■ **REQUIRED WORK**: Return only these lines: the one that contains "Colorful Snakes and" and every line after it through the end of the listing, exactly, without pictures.

■ **SUPPLIED DATA**:
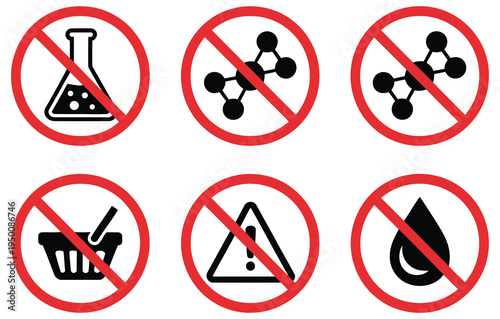 Prohibited, warning sign icon set with striking symbols representing banned items, safety restriction and hazard alerts, clean modern flat vector design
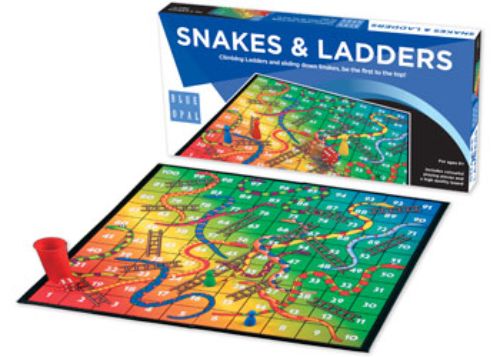 Colorful Snakes and Ladders Game board with vibrant pieces for 2-4 players, perfect for family fun and strategic play.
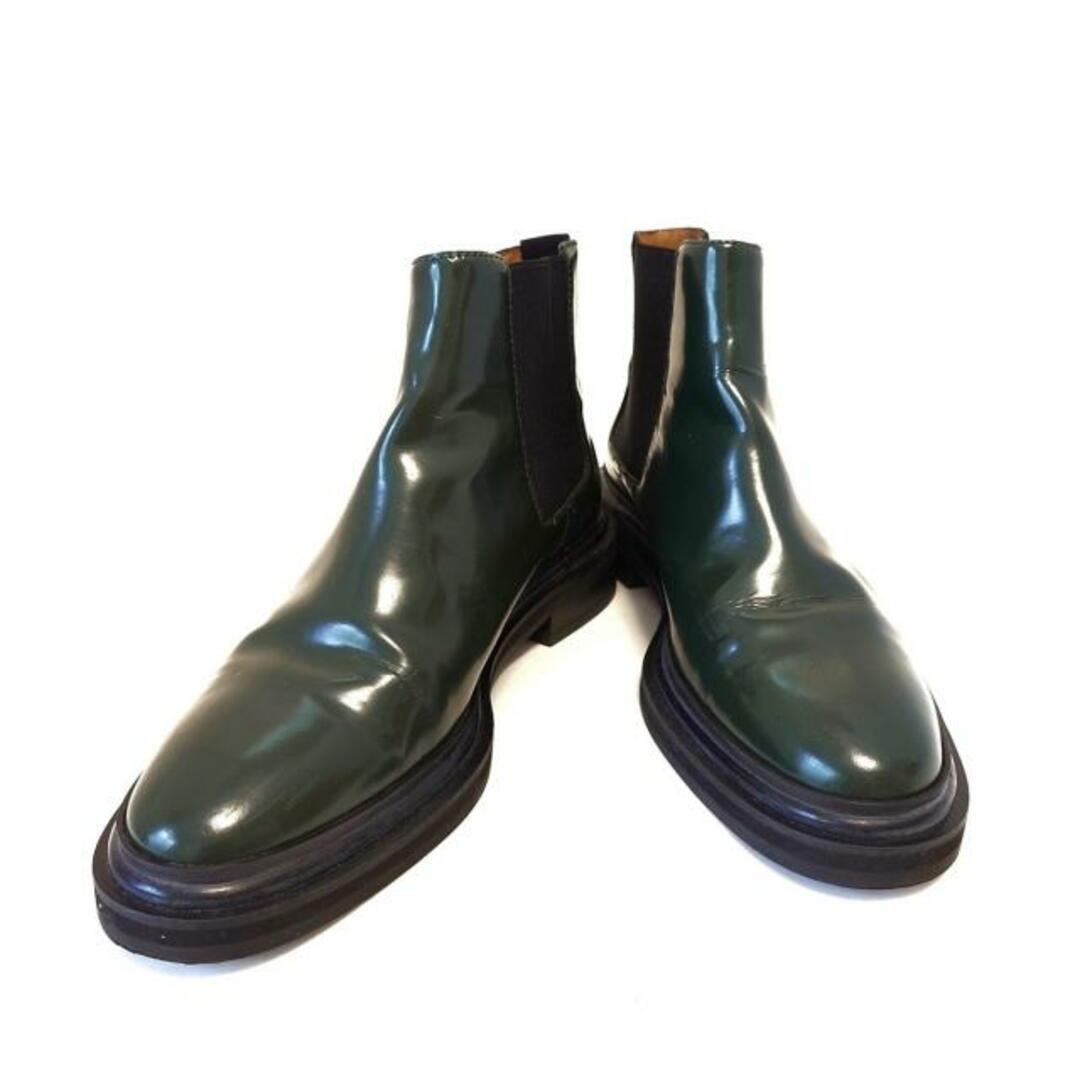 VERONIQUE BRANQUINHO(ヴェロニクブランキーノ)のVERONIQUE BRANQUINHO(ヴェロニク・ブランキーノ) ショートブーツ 37 メンズ - ダークグリーン×黒 サイドゴア レザー メンズの靴/シューズ(ブーツ)の商品写真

■ **EXERCISE ANSWER**:
 Colorful Snakes and Ladders Game board with vibrant pieces for 2-4 players, perfect for family fun and strategic play.
 VERONIQUE BRANQUINHO(ヴェロニクブランキーノ)のVERONIQUE BRANQUINHO(ヴェロニク・ブランキーノ) ショートブーツ 37 メンズ - ダークグリーン×黒 サイドゴア レザー メンズの靴/シューズ(ブーツ)の商品写真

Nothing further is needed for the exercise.